- ACTIVITY
Images are to be excluded, and the rest of the data repeated exactly.

- EXTRACTED DATA
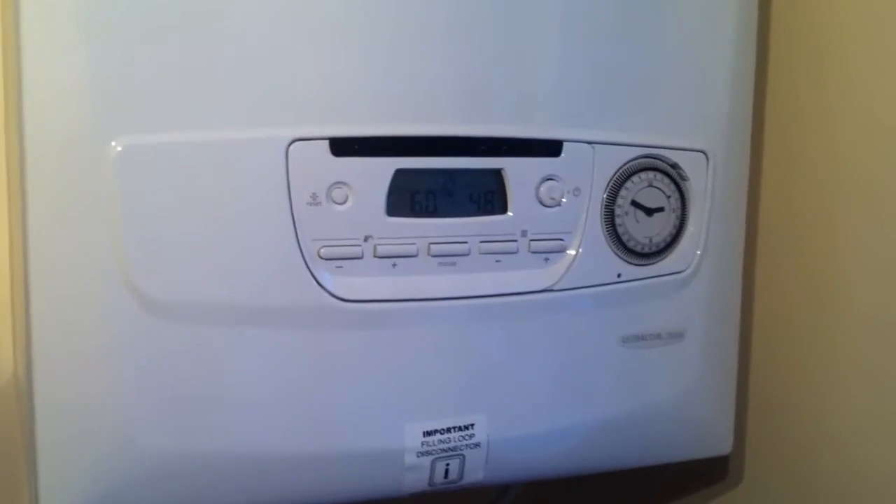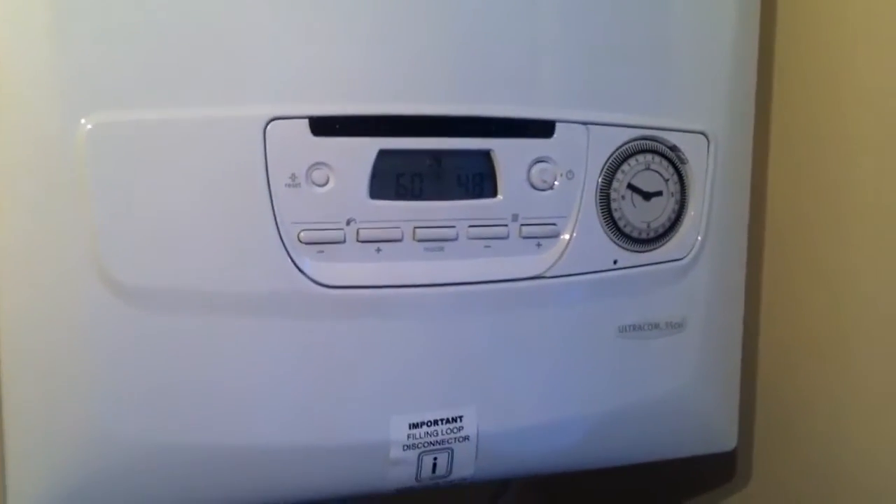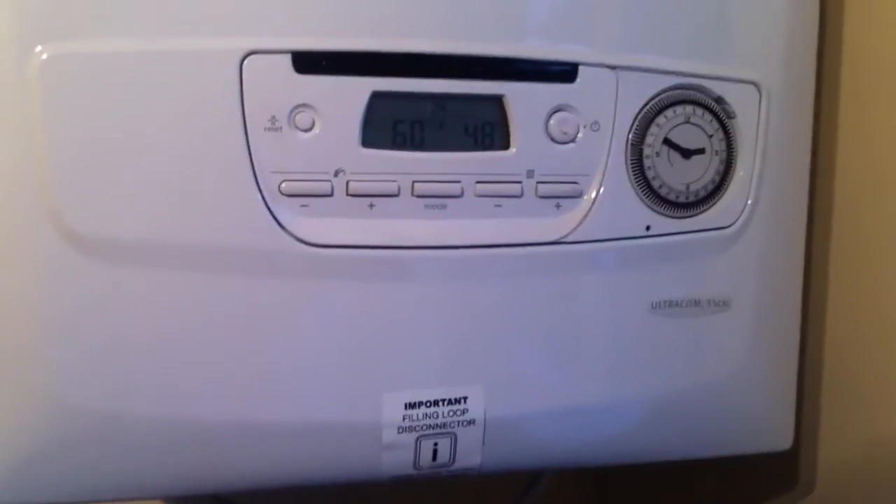Hello, hi. I just want to show you how to set the pressure up on the warm boiler that we have here. It's an Ultracon 35 CFI.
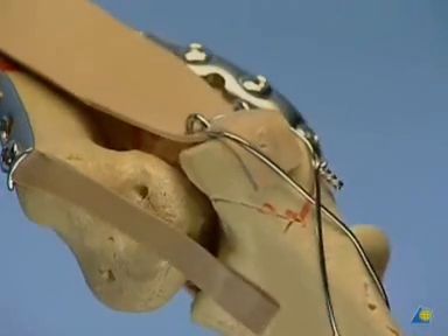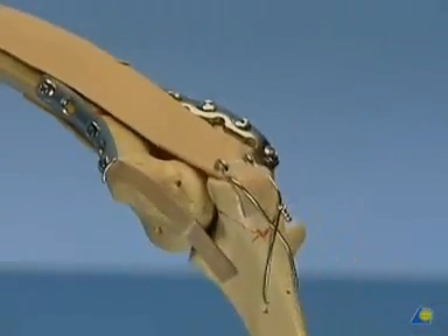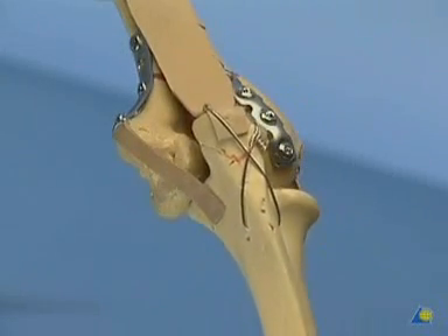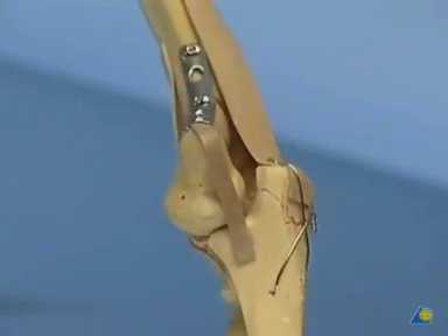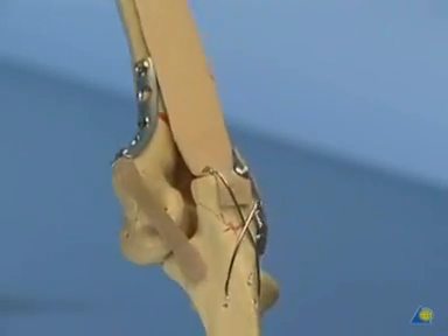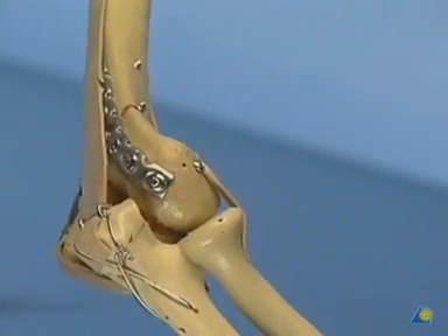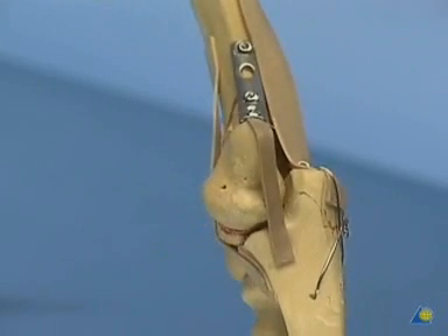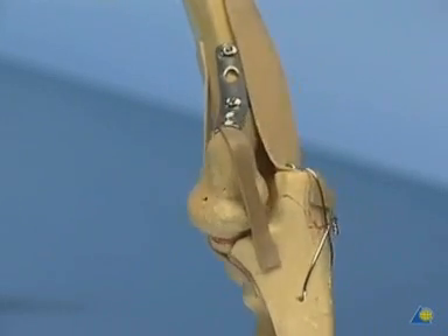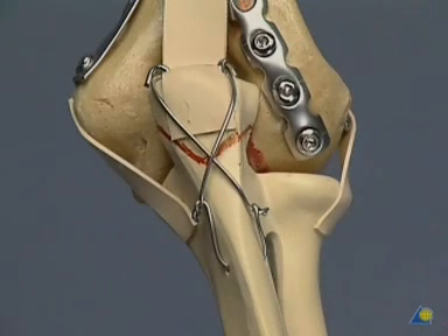The final aspect of our open reduction and internal fixation of a type C fracture. With good reduction and good fixation, this arm may be moved immediately; a splint will not be necessary. Another possibility is shown using two twists in order to fasten the cerclage wire in a symmetrical fashion.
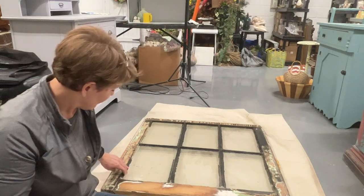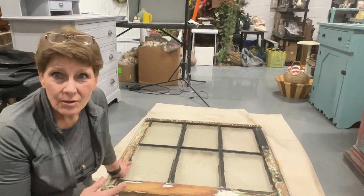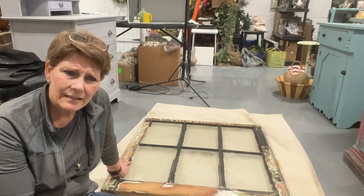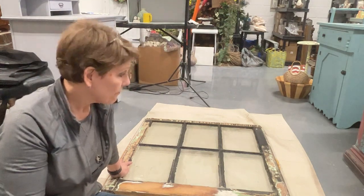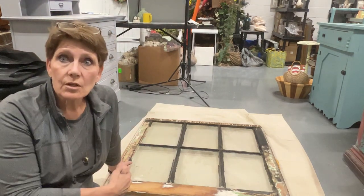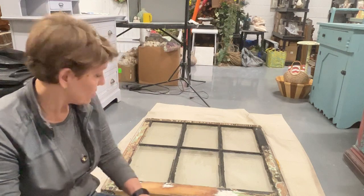Sometimes a lot of this — the glazing, or whatever you call the stuff that holds the glass in there — is chipping away. Put it in the comments if you know what it's called. But if that's all chipping away and it's going to fall out, I will add some new caulking in there to hold those panes in. These are the old original panes, so I want to keep them.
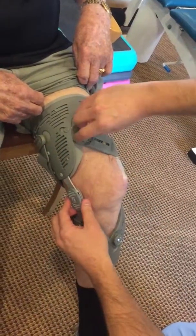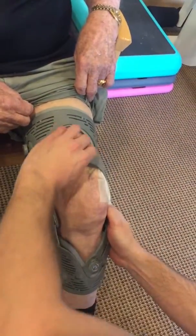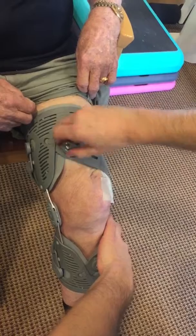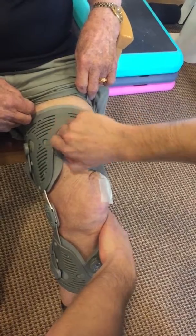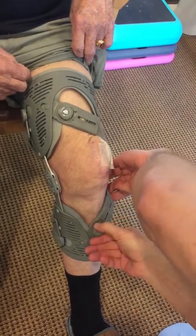The last step will be to tighten the brace, just by twisting to the right with the tabs. I do like to hold the knee as straight as possible when doing that for better correction, and then I will tighten the bottom one as well. The two quick dials.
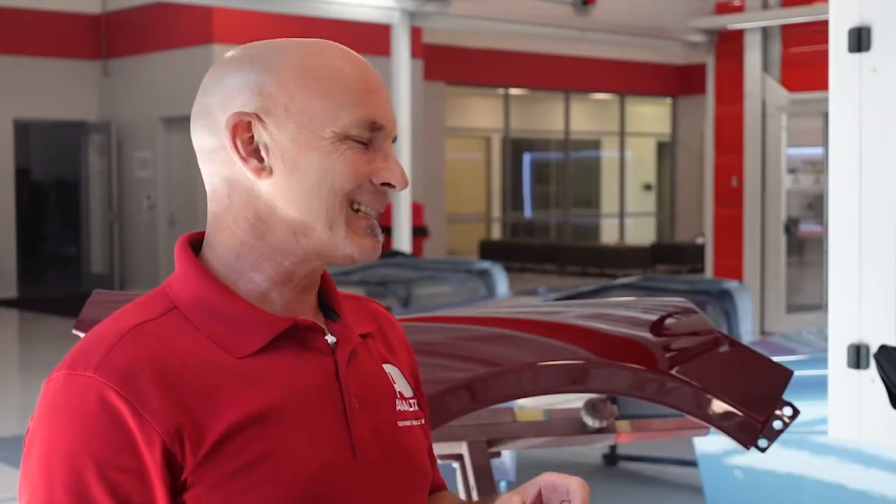Finally, let's look at how we can fix solvent popping. First, determine how deep the problem is. Fixing solvent pop may be as easy as sanding and polishing them out. If the issue is severe, however, it may mean sanding and repainting. The key is to try and sand a small spot first and see if you can polish it out. Thanks for tuning in and we will see you next time in our Paint Defects Tutorial.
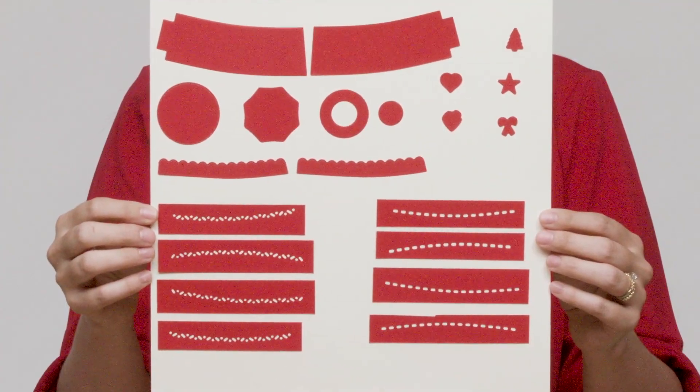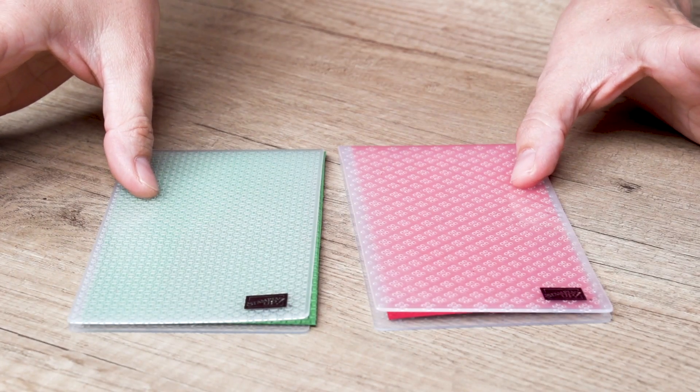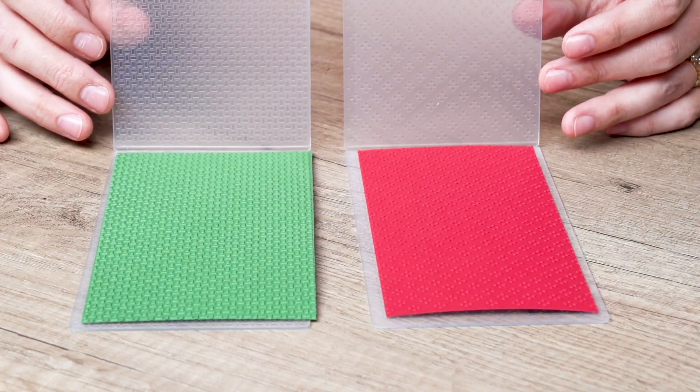Two stamp sets and a coordinating set of dies — because sometimes you just gotta have it all. The wrapped in texture embossing folder is just right for that extra something, compatible with both cut and embossed machines.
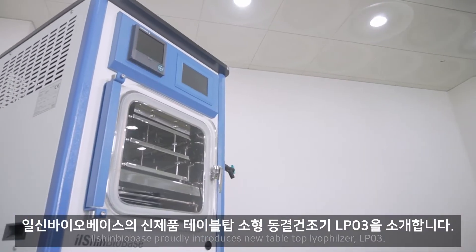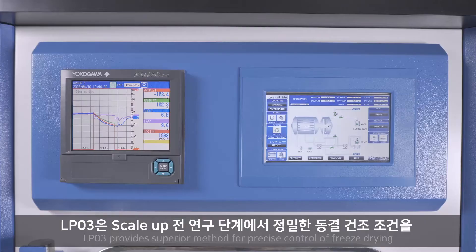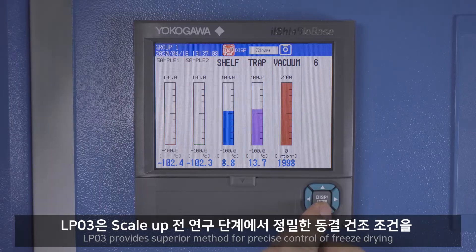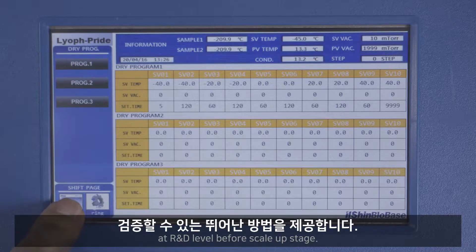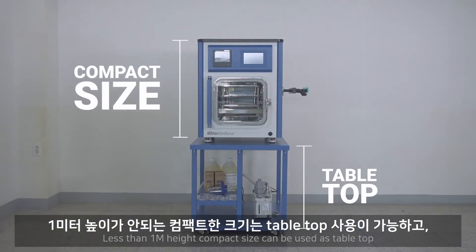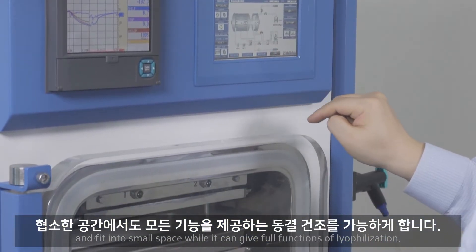Ilshin Biobase proudly introduces the new tabletop lyophilizer, LP03. LP03 provides a barrier method for precise control over freeze drying at R&D level before the scale-up stage. Its less than 1 meter height compact size allows it to be used as a tabletop unit and fit into small spaces, while still providing full functions of lyophilization.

- WRITTEN ANSWER
Hello, hi. I just want to show you how to set the pressure up on the warm boiler that we have here. It's an Ultracon 35 CFI.
The final aspect of our open reduction and internal fixation of a type C fracture. With good reduction and good fixation, this arm may be moved immediately; a splint will not be necessary. Another possibility is shown using two twists in order to fasten the cerclage wire in a symmetrical fashion.
Sometimes a lot of this — the glazing, or whatever you call the stuff that holds the glass in there — is chipping away. Put it in the comments if you know what it's called. But if that's all chipping away and it's going to fall out, I will add some new caulking in there to hold those panes in. These are the old original panes, so I want to keep them.
The last step will be to tighten the brace, just by twisting to the right with the tabs. I do like to hold the knee as straight as possible when doing that for better correction, and then I will tighten the bottom one as well. The two quick dials.
Finally, let's look at how we can fix solvent popping. First, determine how deep the problem is. Fixing solvent pop may be as easy as sanding and polishing them out. If the issue is severe, however, it may mean sanding and repainting. The key is to try and sand a small spot first and see if you can polish it out. Thanks for tuning in and we will see you next time in our Paint Defects Tutorial.
Two stamp sets and a coordinating set of dies — because sometimes you just gotta have it all. The wrapped in texture embossing folder is just right for that extra something, compatible with both cut and embossed machines.
Ilshin Biobase proudly introduces the new tabletop lyophilizer, LP03. LP03 provides a barrier method for precise control over freeze drying at R&D level before the scale-up stage. Its less than 1 meter height compact size allows it to be used as a tabletop unit and fit into small spaces, while still providing full functions of lyophilization.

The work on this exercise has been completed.